*WORKING DATA*:
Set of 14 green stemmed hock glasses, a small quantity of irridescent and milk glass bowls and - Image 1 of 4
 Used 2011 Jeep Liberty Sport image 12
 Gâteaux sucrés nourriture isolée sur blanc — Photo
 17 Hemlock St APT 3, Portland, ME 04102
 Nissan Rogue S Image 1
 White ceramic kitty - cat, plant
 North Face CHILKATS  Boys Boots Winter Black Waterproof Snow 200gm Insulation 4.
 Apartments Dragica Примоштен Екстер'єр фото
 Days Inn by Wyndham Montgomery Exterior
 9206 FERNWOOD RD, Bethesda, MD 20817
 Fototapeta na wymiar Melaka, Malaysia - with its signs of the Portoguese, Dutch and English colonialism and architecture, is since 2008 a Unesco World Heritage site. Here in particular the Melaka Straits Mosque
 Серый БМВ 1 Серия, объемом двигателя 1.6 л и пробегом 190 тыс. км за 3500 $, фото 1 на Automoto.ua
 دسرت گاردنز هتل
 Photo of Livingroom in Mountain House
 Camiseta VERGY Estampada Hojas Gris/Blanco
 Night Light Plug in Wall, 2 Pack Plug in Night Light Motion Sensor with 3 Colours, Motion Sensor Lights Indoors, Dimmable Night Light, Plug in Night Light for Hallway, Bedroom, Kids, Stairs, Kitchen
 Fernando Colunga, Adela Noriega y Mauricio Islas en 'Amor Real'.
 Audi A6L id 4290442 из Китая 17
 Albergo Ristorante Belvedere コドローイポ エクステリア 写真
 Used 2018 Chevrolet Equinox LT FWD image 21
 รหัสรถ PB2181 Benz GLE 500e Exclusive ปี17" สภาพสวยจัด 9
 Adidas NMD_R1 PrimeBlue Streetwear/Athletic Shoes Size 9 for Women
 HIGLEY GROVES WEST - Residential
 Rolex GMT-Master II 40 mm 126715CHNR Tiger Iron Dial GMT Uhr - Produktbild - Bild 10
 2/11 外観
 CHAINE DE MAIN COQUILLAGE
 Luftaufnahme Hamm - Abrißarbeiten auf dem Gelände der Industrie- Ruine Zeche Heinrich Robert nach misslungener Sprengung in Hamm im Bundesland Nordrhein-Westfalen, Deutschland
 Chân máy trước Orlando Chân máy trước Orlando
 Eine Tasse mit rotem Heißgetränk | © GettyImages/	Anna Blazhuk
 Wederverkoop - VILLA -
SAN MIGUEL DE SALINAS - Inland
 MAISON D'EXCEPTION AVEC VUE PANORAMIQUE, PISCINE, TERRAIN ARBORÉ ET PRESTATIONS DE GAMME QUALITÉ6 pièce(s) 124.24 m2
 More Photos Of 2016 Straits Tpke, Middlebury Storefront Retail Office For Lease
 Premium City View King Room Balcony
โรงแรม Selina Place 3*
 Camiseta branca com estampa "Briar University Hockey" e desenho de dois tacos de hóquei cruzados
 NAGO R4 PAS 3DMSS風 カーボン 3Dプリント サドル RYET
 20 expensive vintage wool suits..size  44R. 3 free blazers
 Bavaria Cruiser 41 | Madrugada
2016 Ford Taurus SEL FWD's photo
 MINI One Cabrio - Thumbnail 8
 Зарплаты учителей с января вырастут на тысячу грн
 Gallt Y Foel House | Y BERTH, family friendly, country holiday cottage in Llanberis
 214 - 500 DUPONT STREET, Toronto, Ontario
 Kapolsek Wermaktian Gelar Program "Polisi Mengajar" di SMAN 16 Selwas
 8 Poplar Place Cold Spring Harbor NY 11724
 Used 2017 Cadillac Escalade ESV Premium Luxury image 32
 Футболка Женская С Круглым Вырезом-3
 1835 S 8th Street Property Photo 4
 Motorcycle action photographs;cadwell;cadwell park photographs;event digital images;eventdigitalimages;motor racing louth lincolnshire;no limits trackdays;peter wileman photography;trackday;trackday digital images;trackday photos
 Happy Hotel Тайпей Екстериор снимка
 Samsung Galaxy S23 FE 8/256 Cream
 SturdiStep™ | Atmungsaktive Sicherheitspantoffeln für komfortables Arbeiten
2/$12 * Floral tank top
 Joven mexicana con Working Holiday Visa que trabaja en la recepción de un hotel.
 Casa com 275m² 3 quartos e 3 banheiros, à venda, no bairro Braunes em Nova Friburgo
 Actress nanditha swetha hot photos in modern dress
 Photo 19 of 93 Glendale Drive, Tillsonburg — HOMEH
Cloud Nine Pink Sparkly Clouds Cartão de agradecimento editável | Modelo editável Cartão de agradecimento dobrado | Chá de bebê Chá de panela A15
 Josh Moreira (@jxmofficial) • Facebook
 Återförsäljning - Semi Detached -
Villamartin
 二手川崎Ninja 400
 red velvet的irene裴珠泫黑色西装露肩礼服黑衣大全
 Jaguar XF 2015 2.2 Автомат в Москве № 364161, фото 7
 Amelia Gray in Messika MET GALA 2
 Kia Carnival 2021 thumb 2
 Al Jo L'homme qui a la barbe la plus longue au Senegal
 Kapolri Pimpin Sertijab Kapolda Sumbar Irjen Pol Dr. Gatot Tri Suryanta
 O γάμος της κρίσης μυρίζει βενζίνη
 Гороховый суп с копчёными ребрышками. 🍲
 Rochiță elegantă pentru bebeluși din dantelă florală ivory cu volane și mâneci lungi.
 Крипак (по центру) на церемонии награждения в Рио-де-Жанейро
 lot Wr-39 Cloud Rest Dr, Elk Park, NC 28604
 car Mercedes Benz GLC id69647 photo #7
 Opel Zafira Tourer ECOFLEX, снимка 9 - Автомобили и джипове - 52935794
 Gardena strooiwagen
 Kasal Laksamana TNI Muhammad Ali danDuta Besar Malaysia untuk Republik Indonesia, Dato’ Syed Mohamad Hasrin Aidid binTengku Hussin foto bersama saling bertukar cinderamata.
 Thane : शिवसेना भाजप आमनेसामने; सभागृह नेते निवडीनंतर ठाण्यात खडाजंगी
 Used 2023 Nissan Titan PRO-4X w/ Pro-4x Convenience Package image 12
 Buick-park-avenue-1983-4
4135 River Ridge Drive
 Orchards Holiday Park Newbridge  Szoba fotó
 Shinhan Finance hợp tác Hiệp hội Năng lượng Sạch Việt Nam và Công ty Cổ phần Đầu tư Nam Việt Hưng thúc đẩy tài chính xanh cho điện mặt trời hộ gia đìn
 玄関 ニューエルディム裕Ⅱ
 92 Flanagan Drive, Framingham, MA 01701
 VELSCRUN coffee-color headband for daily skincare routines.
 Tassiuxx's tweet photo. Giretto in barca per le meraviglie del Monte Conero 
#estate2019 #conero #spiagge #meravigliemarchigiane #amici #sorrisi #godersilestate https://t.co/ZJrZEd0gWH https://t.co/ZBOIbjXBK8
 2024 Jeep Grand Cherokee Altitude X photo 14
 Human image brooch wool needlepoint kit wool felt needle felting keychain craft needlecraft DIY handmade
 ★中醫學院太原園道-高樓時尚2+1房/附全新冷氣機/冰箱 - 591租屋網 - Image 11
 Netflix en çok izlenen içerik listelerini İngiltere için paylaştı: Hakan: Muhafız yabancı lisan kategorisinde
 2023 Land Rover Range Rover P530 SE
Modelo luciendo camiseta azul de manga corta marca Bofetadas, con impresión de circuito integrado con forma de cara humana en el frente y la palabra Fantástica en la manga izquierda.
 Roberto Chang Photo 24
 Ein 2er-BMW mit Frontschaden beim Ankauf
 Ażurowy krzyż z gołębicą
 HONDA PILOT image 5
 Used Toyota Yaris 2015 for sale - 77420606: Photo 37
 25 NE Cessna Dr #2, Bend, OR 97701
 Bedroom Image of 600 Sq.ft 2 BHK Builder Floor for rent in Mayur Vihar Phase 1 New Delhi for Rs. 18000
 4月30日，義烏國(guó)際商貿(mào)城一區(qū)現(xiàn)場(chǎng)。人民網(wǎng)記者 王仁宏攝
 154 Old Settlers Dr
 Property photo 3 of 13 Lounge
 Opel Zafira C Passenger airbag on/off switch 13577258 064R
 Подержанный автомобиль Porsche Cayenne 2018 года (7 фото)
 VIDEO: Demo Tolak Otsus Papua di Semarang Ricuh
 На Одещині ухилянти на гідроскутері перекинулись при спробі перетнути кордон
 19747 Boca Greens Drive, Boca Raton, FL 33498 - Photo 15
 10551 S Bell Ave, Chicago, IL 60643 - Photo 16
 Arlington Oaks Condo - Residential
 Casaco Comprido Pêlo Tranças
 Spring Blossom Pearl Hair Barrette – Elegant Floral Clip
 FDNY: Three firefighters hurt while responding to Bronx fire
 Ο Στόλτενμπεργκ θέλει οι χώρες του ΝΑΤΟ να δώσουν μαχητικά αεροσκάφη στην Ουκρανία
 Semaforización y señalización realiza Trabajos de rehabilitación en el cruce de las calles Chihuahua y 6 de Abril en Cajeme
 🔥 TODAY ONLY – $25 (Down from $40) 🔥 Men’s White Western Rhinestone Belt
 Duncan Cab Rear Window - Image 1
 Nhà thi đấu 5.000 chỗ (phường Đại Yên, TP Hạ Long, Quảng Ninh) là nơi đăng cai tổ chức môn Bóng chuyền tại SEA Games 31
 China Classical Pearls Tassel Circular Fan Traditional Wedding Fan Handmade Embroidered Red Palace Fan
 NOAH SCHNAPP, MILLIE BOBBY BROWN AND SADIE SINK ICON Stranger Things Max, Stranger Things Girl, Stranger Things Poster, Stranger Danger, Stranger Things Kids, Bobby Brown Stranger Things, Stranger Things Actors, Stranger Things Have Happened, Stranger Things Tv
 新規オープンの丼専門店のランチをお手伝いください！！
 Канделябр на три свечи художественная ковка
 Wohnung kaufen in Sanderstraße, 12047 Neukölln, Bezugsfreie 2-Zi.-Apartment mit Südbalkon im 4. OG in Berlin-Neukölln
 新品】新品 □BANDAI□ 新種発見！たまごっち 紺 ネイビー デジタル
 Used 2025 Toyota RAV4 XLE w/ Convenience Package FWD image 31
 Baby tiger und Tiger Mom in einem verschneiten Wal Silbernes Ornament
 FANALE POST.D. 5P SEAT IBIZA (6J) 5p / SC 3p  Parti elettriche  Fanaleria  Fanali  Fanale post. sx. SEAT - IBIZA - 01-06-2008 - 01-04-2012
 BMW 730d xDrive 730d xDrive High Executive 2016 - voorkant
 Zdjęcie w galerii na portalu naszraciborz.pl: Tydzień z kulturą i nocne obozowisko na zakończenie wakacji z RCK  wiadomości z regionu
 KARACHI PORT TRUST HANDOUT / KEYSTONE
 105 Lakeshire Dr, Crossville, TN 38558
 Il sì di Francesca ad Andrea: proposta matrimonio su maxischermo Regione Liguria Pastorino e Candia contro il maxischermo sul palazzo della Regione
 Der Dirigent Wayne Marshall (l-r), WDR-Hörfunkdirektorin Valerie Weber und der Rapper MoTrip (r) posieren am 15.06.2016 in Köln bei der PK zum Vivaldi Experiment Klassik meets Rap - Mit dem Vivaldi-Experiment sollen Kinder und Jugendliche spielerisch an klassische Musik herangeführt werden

*ASSIGNED TASK*: Above are the records; repeat exactly the lines from the one holding "Bavaria Cruiser 41 | Madrugada" down to the one holding "Photo 19 of", end lines included.

*EXERCISE SOLUTION*:
 Bavaria Cruiser 41 | Madrugada
2016 Ford Taurus SEL FWD's photo
 MINI One Cabrio - Thumbnail 8
 Зарплаты учителей с января вырастут на тысячу грн
 Gallt Y Foel House | Y BERTH, family friendly, country holiday cottage in Llanberis
 214 - 500 DUPONT STREET, Toronto, Ontario
 Kapolsek Wermaktian Gelar Program "Polisi Mengajar" di SMAN 16 Selwas
 8 Poplar Place Cold Spring Harbor NY 11724
 Used 2017 Cadillac Escalade ESV Premium Luxury image 32
 Футболка Женская С Круглым Вырезом-3
 1835 S 8th Street Property Photo 4
 Motorcycle action photographs;cadwell;cadwell park photographs;event digital images;eventdigitalimages;motor racing louth lincolnshire;no limits trackdays;peter wileman photography;trackday;trackday digital images;trackday photos
 Happy Hotel Тайпей Екстериор снимка
 Samsung Galaxy S23 FE 8/256 Cream
 SturdiStep™ | Atmungsaktive Sicherheitspantoffeln für komfortables Arbeiten
2/$12 * Floral tank top
 Joven mexicana con Working Holiday Visa que trabaja en la recepción de un hotel.
 Casa com 275m² 3 quartos e 3 banheiros, à venda, no bairro Braunes em Nova Friburgo
 Actress nanditha swetha hot photos in modern dress
 Photo 19 of 93 Glendale Drive, Tillsonburg — HOMEH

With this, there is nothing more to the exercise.